I feel like one way to do this would be to break up models and their training data into mini-models and mini-batches of training data instead of one big model, and also restricting training data to that used with permission as well as public domain sources. For all other cases where a company is required to take down information in a model that their permission to use was revoked or expired, they can identify the relevant training data in the mini batches, remove it, then retrain the corresponding mini model more quickly and efficiently than having to retrain the entire massive model.

A major problem with this though would be figuring out how to efficiently query multiple mini models and come up with a single response. I’m not sure how you could do that, at least very well…

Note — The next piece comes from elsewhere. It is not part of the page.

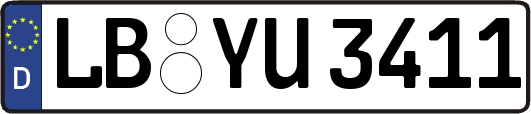 LB-YU3411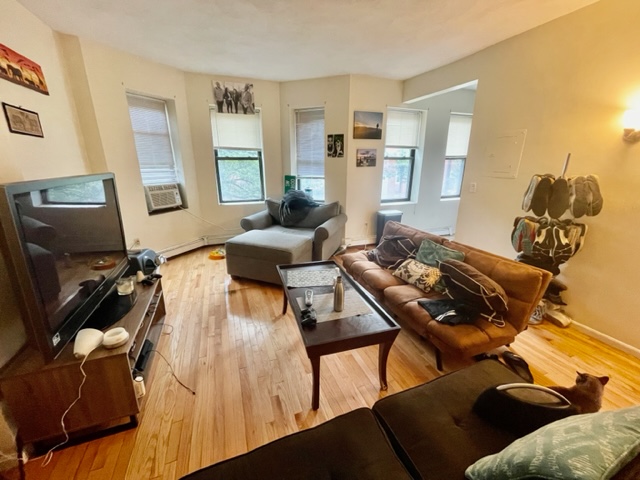 1 bed, 1 bath apartment for rent at 67 South Huntington Ave Unit 3, Jamaica Plain — photo 4 of 8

@[email protected] · 10 months ago

You could certainly break up training data, but breaking up the models into mini models based on which training data is used wouldn’t work with neural networks trained using gradient descent. Basically whatever the state of the model is it depends on the totality of the training data that it has been trained on (and the order) and it isn’t possible to go and remove the effect of a specific training data point without then retraining for all of the data that followed that data point (and even that assumes you were storing a snapshot of the model before every single training data point, which I doubt anyone does)

However, that’s no excuse and it is of course possible to entirely retrain a network using a clean dataset and that is what these companies should do

@[email protected] · 10 months ago

Am I correct in assuming that sounds a bit like libraries used in programming?

eltimablo · 10 months ago

I believe this is how the Tesla FSD beta AI works.